The persistence of belief in many people in the paranormal explanation is significant; even after Bower and Chorley confessed and publicly demonstrated how they made crop circles, lots of believers invested a great deal of time and effort into arguing that the crop circles still must have a paranormal explanation. Going to such lengths to salvage the paranormal explanation over the natural one indicates that the desire to believe in spooky, supernatural, unusual, or extreme causes is often more powerful than our ability to reason clearly.

Consider another case. In 1933, a surgeon and colonel, Robert Wilson, was visiting a remote loch in the Scottish highlands when he took a now famous picture of a mysterious shape on the lake.

When enlarged, the picture seemed to reveal a creature’s head rearing up from the cold, dark waters of the deep lake. In the years that followed, this pictured spurred a flurry of activity in Loch Ness, stimulating expeditions, sonar surveys, film projects, scuba investigations, and countless visits to the lake in search of the Loch Ness Monster, or Nessie as it became known. Wilson's picture seemed to spawn a host of other sightings of nessie. More blurry photos came to light. Lots of visitors began testifying that they too had seen the monster. In fact, many people went to Loch Ness with the sole purpose in mind of seeing the monster. They arrived at the lake excited and primed with powerful expectations that there was a monster lurking in the waters, and not surprisingly many of them went away claiming to have experiences that fulfilled those expectations.

In 1993, two Loch Ness researchers, David Martin and Alastair Boyd tracked down a lead on the picture to Christian Spurling, who was now 90 years old and dying. Spurling admitted that he had collaborated with Duke Wetherall 60 years earlier to construct a plastic and wood head over the body of a toy submarine. Wetherall was pursuing a vendetta to embarrass the British newspaper, The Daily Mail. The neck on the toy monster was a mere 8 inches long, even though other Nessie investigators had insisted that it must be over three feet long. They also discovered that Wetherall was responsible for stamping fake Nessie foot prints in the mud on the bank of the Loch with a baby hippo foot that was probably part of an umbrella stand. One of the most celebrated and allegedly sound pieces of evidence for the existence of the Loch Ness Monster was also a hoax.

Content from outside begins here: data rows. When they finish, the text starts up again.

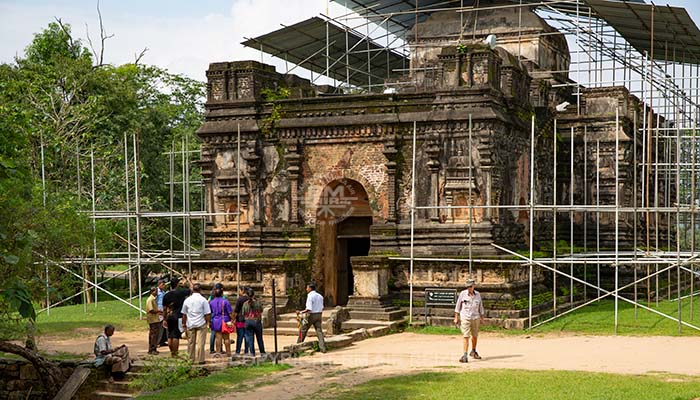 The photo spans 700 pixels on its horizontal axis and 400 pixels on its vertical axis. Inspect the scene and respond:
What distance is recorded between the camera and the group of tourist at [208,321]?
53.0 feet

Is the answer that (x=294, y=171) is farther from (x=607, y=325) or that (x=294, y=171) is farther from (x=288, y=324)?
(x=607, y=325)

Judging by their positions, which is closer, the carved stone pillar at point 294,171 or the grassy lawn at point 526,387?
the grassy lawn at point 526,387

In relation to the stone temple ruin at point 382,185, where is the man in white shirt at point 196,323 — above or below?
below

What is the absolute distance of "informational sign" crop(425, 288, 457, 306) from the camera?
818 inches

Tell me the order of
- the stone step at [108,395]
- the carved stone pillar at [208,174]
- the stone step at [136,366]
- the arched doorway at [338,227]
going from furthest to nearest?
the carved stone pillar at [208,174], the arched doorway at [338,227], the stone step at [136,366], the stone step at [108,395]

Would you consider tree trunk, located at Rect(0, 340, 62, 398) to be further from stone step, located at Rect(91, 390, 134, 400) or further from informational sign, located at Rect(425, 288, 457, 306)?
informational sign, located at Rect(425, 288, 457, 306)

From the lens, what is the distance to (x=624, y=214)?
27.1 metres

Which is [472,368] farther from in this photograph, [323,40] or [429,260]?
[323,40]

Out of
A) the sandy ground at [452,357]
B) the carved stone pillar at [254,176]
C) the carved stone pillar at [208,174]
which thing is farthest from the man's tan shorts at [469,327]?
the carved stone pillar at [208,174]

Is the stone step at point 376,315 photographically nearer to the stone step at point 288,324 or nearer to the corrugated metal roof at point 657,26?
the stone step at point 288,324

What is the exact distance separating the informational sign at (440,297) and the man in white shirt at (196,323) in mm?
6083

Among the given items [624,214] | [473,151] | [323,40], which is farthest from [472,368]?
[323,40]

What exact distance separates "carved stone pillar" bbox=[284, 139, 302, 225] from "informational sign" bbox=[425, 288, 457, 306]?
3713mm

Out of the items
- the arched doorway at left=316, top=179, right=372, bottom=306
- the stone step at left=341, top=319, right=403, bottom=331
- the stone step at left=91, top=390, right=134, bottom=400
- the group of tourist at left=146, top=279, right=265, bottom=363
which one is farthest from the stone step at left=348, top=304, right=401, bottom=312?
the stone step at left=91, top=390, right=134, bottom=400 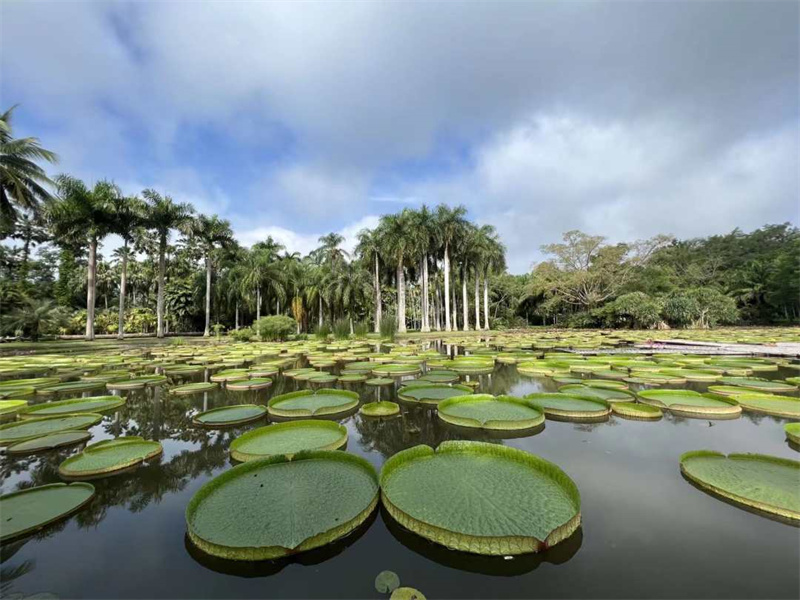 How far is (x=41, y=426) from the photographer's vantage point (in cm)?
444

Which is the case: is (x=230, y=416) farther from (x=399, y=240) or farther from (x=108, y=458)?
(x=399, y=240)

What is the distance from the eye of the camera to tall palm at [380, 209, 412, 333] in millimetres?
32406

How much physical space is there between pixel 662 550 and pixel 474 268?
123ft

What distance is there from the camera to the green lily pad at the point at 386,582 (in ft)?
5.95

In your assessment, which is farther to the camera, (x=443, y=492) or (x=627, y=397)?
(x=627, y=397)

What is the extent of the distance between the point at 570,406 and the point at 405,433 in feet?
9.21

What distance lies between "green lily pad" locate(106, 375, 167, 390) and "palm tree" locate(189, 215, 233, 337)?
25.4 metres

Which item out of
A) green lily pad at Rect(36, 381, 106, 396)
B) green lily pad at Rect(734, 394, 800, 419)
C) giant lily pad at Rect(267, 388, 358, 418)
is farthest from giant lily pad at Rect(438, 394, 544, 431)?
green lily pad at Rect(36, 381, 106, 396)

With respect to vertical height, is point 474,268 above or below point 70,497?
above

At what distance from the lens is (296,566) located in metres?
2.05

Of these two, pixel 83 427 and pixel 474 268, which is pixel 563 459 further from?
pixel 474 268

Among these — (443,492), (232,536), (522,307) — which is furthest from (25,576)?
(522,307)

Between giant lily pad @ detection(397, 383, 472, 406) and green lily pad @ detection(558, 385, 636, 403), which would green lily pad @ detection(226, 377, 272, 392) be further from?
green lily pad @ detection(558, 385, 636, 403)

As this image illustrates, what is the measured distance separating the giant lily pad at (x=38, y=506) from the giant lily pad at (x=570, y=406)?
521cm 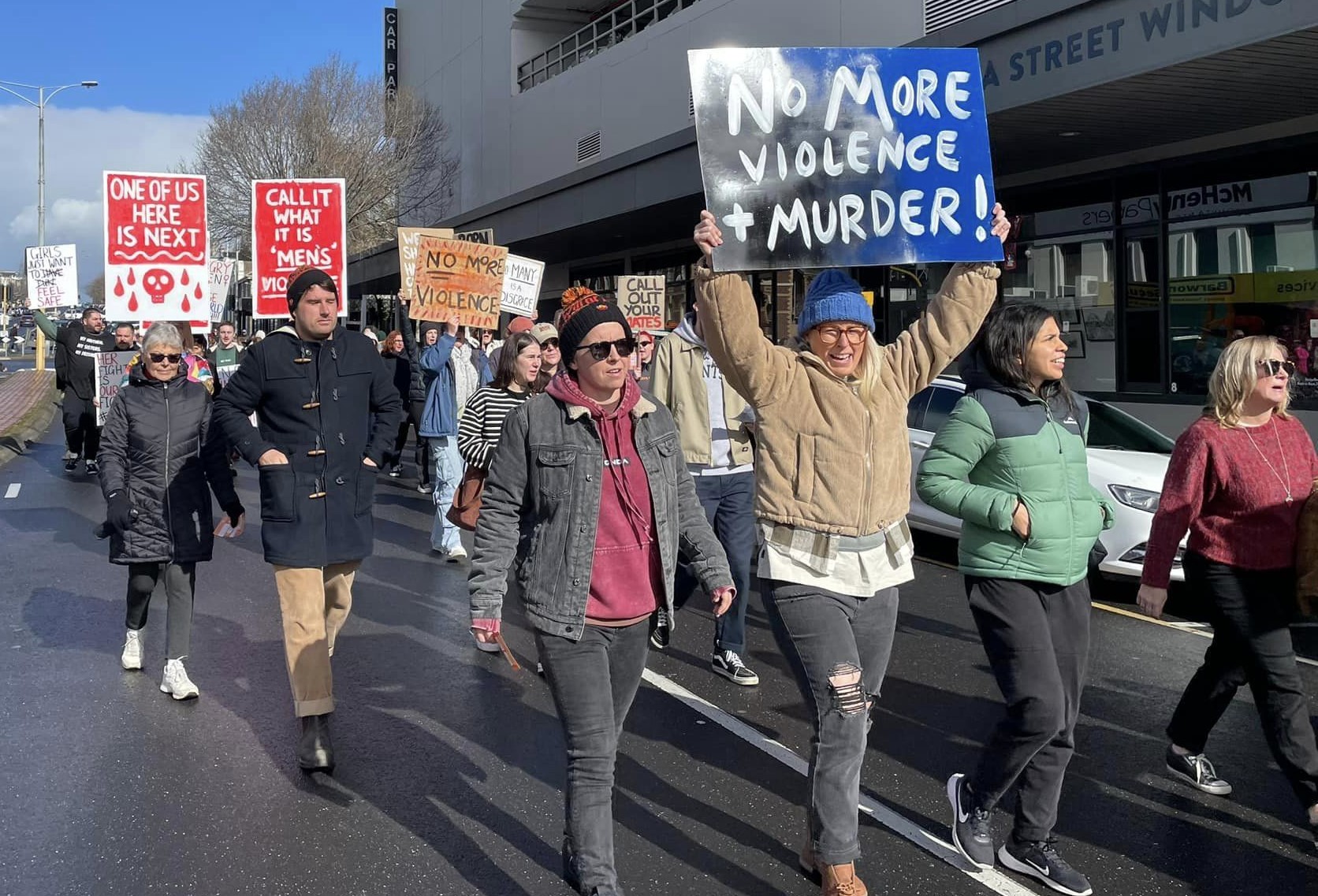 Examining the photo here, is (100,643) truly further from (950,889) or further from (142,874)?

Consider another case: In 1967, Roger Patterson and Bob Gimlin went into the northern California woods of Bluff Creek, armed with film equipment and planning to gathering photographic evidence for the existence of Bigfoot, a legendary 7 feet tall hairy biped that was alleged to live in the woods of the Pacific northwest. Their expedition appeared to be a success when they returned with film footage of the creature walking across an open glade. In the jumpy and brief piece of film shot from about 100 yards, the creature takes several large strides away from the camera, pauses to look back, and then disappears into the woods. Again, paranormal enthusiasts and Bigfoot researchers embraced the film, proclaiming it to be definitive authentic evidence that Bigfoot exists. Sightings of Bigfoot soared as did the flagging sales of Patterson’s previously published book on Bigfoot. A few doubters suggested that it was a man in a monkey suit. Patterson died 5 years later of cancer. In March of 1992, Bob Gimlin admitted that he might have been fooled. He said it was possible that Roger concocted the whole thing and Bob was an unknowing eyewitness to an elaborate hoax. Another rumor that has circulated for years, and been corroborated by John Landis, the famous movie director, was that a special effects man named John Chambers, of the Planet of the Apes movies fame, designed the suit for the hoax.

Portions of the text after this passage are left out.